Requested privilege level (RPL). The RPL is an override privilege level that is assigned to segment selectors. It is stored in bits 0 and 1 of the segment selector. The processor checks the RPL along with the CPL to determine if access to a segment is allowed. Even if the program or task requesting access to a segment has sufficient privilege to access the segment, access is denied if the RPL is not of sufficient privilege level. That is, if the RPL of a segment selector is numerically greater than the CPL, the RPL overrides the CPL, and vice versa. The RPL can be used to insure that privileged code does not access a segment on behalf of an application program unless the program itself has access privileges for that segment. Refer to Section 4.10.4., "Checking Caller Access Privileges (ARPL Instruction)" for a detailed description of the purpose and typical use of the RPL.

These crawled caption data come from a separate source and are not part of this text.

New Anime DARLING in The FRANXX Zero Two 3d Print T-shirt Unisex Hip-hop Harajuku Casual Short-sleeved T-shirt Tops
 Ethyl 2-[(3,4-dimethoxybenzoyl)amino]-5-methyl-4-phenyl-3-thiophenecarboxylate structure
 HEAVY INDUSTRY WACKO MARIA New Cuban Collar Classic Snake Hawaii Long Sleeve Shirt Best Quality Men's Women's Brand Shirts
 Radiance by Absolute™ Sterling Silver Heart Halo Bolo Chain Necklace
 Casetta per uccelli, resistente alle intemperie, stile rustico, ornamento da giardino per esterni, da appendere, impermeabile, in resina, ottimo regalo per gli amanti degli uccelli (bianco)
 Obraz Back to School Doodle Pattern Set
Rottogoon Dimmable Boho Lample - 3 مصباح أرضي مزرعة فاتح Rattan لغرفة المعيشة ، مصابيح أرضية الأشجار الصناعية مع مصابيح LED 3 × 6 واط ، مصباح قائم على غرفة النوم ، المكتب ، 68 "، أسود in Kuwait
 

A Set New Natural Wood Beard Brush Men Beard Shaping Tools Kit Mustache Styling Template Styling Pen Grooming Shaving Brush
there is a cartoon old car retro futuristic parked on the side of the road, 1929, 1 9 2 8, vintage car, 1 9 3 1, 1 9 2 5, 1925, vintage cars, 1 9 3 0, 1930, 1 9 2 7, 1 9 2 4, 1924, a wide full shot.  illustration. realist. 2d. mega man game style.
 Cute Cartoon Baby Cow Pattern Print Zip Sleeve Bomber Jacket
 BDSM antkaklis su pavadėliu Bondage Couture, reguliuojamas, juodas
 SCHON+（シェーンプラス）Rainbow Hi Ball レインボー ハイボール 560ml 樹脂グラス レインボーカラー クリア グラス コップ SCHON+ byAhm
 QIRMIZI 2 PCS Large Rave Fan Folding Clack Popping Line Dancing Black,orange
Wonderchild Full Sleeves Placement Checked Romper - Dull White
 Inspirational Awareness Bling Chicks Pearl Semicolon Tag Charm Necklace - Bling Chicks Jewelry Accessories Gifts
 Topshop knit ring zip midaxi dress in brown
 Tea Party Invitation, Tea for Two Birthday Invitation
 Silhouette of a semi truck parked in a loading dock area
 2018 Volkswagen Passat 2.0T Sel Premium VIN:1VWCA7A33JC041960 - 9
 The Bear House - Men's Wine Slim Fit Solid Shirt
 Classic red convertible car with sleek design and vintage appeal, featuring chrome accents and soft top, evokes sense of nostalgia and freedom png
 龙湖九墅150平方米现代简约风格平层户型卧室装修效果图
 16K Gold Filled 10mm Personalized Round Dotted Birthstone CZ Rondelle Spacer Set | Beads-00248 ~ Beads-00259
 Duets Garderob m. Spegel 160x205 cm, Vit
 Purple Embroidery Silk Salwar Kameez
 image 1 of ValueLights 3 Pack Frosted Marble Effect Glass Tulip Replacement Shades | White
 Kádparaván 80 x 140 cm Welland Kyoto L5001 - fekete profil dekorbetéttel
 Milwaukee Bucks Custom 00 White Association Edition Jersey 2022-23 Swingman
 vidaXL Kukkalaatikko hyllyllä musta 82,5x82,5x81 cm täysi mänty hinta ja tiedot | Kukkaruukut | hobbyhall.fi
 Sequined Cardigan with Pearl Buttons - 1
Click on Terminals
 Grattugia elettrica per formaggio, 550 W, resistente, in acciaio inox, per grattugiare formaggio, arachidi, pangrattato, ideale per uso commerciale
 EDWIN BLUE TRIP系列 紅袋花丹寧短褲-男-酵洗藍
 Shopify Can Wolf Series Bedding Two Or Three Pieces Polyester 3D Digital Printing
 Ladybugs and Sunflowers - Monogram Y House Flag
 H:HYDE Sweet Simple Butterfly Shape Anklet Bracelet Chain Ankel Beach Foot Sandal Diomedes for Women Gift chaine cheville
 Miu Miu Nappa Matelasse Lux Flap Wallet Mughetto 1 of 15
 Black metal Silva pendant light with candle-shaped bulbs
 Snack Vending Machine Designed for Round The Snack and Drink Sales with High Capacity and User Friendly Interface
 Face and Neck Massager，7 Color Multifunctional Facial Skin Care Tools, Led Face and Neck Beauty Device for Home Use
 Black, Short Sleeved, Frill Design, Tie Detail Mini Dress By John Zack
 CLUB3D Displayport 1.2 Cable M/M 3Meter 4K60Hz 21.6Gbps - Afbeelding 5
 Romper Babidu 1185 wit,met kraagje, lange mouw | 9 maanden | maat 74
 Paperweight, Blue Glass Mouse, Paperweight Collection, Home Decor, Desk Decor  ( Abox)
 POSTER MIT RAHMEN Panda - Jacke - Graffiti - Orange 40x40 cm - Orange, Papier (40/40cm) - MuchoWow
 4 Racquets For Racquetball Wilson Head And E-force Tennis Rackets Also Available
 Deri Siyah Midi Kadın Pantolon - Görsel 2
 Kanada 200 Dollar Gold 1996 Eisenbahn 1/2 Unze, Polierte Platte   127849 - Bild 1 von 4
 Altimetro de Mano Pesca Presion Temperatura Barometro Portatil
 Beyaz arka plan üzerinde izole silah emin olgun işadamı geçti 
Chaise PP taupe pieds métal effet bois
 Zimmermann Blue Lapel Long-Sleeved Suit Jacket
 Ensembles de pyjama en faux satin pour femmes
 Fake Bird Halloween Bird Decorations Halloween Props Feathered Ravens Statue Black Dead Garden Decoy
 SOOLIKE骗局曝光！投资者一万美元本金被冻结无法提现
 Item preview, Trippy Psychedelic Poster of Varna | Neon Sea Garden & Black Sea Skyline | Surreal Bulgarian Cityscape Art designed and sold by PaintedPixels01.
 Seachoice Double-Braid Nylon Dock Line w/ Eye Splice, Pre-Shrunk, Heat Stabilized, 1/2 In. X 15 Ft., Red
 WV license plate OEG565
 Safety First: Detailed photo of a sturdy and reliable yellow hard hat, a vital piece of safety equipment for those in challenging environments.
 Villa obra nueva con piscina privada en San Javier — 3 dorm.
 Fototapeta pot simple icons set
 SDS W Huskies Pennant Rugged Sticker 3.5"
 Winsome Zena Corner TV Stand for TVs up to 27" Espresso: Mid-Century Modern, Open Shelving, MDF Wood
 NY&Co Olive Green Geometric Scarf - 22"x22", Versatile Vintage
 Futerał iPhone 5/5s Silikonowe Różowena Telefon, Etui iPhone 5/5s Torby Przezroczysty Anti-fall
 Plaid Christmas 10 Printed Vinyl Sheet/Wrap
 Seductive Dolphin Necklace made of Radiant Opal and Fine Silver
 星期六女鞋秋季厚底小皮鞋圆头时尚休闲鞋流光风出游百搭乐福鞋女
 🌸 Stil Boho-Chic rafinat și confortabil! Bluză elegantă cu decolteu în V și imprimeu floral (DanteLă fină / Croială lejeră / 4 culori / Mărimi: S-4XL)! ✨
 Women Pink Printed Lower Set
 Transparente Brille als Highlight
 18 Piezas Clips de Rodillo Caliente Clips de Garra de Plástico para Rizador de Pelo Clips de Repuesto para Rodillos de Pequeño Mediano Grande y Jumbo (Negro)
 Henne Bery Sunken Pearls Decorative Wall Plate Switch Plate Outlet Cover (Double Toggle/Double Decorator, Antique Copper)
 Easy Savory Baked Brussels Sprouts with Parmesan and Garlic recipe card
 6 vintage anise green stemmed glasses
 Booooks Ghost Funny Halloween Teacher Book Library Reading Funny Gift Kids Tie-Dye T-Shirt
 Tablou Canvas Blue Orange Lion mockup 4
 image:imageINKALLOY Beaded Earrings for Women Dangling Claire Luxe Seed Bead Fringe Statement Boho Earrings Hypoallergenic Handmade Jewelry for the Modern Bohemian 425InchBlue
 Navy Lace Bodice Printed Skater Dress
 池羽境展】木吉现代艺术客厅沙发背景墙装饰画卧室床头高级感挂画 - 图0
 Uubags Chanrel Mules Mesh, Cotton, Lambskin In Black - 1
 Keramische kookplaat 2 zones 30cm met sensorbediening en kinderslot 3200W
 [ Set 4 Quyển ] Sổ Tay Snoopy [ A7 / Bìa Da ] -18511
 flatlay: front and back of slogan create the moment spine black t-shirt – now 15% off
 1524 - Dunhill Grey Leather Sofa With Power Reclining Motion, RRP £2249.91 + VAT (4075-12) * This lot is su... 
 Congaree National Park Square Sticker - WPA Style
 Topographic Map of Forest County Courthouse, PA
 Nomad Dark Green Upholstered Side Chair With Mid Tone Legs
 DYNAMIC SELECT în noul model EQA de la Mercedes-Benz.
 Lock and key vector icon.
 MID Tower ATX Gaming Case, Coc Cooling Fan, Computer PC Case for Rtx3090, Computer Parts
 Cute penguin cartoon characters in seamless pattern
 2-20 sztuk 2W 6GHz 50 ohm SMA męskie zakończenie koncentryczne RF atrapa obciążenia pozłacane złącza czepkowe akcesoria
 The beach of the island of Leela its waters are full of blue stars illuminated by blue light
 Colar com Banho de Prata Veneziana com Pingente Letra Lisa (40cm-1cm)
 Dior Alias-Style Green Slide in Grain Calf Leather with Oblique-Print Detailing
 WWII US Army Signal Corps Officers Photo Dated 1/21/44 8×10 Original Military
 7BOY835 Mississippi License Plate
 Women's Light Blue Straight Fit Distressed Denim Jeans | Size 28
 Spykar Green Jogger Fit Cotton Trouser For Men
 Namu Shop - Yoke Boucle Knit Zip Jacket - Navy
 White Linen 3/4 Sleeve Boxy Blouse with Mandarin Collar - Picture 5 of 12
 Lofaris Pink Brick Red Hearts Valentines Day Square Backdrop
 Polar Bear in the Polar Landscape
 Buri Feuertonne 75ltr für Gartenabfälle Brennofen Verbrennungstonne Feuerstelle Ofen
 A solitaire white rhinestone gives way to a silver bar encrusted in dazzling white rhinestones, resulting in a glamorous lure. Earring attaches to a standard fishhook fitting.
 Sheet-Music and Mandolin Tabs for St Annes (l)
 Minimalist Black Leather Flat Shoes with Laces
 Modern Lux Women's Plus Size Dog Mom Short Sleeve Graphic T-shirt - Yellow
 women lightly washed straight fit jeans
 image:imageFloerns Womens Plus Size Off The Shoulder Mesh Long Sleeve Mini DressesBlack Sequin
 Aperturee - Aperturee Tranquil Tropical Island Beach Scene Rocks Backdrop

Privilege levels are checked when the segment selector of a segment descriptor is loaded into a segment register. The checks used for data access differ from those used for transfers of program control among code segments; therefore, the two kinds of accesses are considered separately in the following sections.

4.6. PRIVILEGE LEVEL CHECKING WHEN ACCESSING DATA SEGMENTS

To access operands in a data segment, the segment selector for the data segment must be loaded into the data-segment registers (DS, ES, FS, or GS) or into the stack-segment register (SS). (Segment registers can be loaded with the MOV, POP, LDS, LES, LFS, LGS, and LSS instructions.) Before the processor loads a segment selector into a segment register, it performs a privilege check (refer to Figure 4-3) by comparing the privilege levels of the currently running program or task (the CPL), the RPL of the segment selector, and the DPL of the segment's segment descriptor. The processor loads the segment selector into the segment register if the DPL is numerically greater than or equal to both the CPL and the RPL. Otherwise, a generalprotection fault is generated and the segment register is not loaded.

Figure 4-3

Figure 4-4 shows four procedures (located in codes segments A, B, C, and D), each running at different privilege levels and each attempting to access the same data segment.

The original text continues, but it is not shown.